Türkiye’nin Latin Amerika ülkeleri ile olan ticari ilişkileri, hâlâ istenen seviyede olmasa da son yıllarda hızla gelişme kaydediyor. Geçmişten günümüze Türkiye’nin kıta ile ilişkileri nasıl gelişti?

Türkiye’nin Latin Amerika ile ilişkileri 19’uncu yüzyıla kadar uzanmaktadır. Birinci Dünya Savaşı sırasında Osmanlı topraklarından Latin Amerika’ya bir göç dalgası oluşmuştur. Çoğunluğu Arap olan bu göçmenler, Osmanlı pasaportu taşıdıkları için bölgede “Los Turcos” olarak anılmıştır. Osmanlı Devleti ile Latin Amerika diplomatik ilişkileri de aynı dönemde başlamıştır. Türkiye Cumhuriyeti, kurulduğunda bölgede ilk olarak Şili tarafından 1926’da tanınmıştır.

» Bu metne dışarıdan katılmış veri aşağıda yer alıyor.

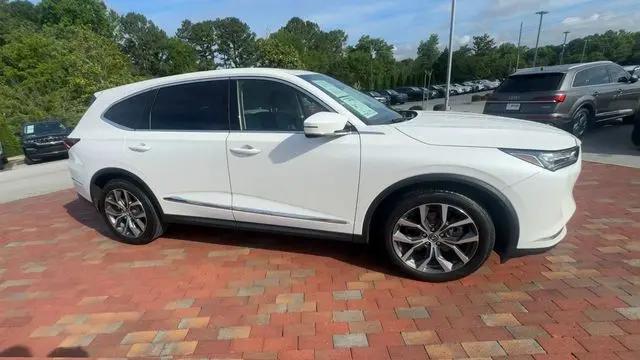 2024 Acura MDX Technology Package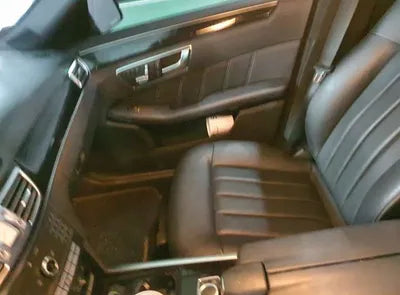 2015 Mercedes-Benz E 250 VIN: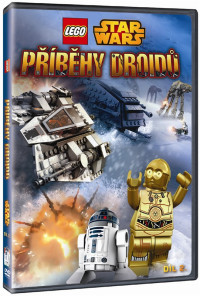 DVDFILM / Lego Star Wars:P��b�hy droid� 2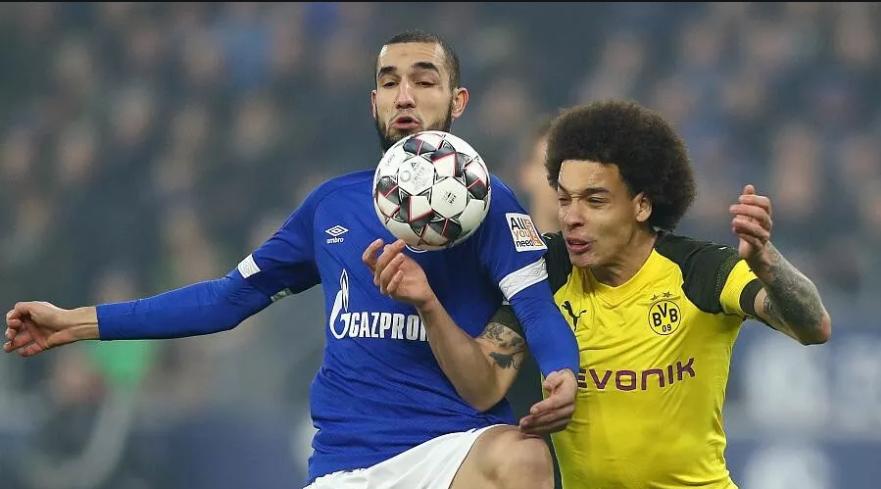 时隔64天的德甲比赛，让球迷们再一次体会了足球的热情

Cumhuriyet tarihinde, Latin Amerika ile olan ilişkilerde üç önemli mihenk taşı vardır. Bunlardan ilki; Cumhurbaşkanı Süleyman Demirel’in 1995 yılında gerçekleştirdiği Arjantin, Brezilya ve Şili ziyaretleridir. İkincisi, 1998’de “Latin Amerika ve Karayipler Eylem Planı”nın uygulamaya konulmasıdır. Son dönüm noktası ise 2006’nın, dönemin T.C. Dışişleri Bakanı Abdullah Gül tarafından Türkiye’de “Latin Amerika ve Karayipler Yılı” olarak ilan edilmesidir. Bu girişimlerin etkisiyle Latin Amerika ve Türkiye ilişkileri hareketlilik kazanmıştır.

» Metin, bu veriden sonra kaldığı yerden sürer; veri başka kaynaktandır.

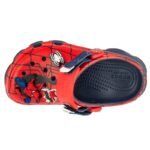 Crocs Team Spiderman All Terain Clog Jr 208786-410 flip-flops - Image 3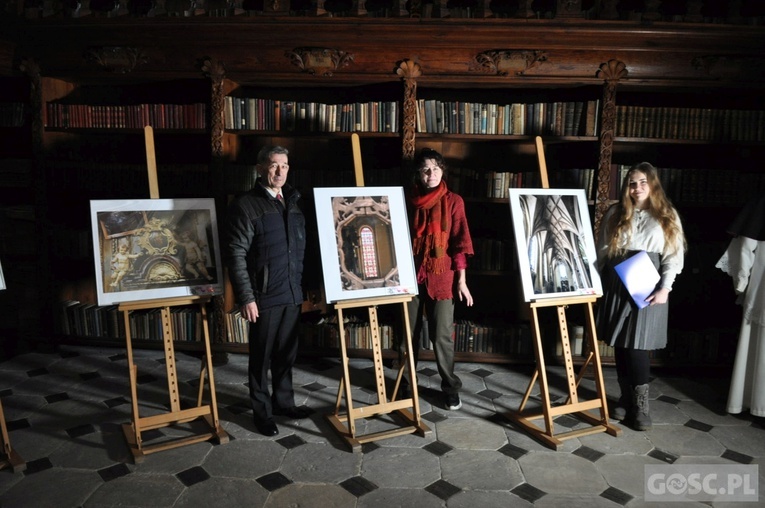 Konkurs "Żagański Pomnik Historii w obiektywie" rozstrzygnięty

Bölge ülkeleri ile aramızdaki ikili ziyaretler, özellikle son beş yılda ivme kazanmıştır. T.C. Cumhurbaşkanı Recep Tayyip Erdoğan, 2010’da Başbakan sıfatıyla Brezilya’ya gitmiş ve iki ülke arasında “Stratejik Ortaklık Eylem Planı” imzalanmıştır. 2011’de dönemin Brezilya Devlet Başkanı Dilma Rousseff’in Türkiye’ye yaptığı ziyaretinde ise “Türkiye-Brezilya: Dinamik Bir Ortaklık için Stratejik Perspektif” başlıklı ortak bir bildiri kabul edilerek ilişkilerimiz stratejik bir seviyeye taşınmıştır. Aynı yıl, Arjantin Devlet Başkanı Cristina Fernandez de Kirchner de Türkiye’ye gelmiştir. 2012’de ise dönemin Şili Devlet Başkanı Sebastian Pinera ve Kolombiya Devlet Başkanı Juan Manuel Santos ülkemize ziyaret gerçekleştirmiştir.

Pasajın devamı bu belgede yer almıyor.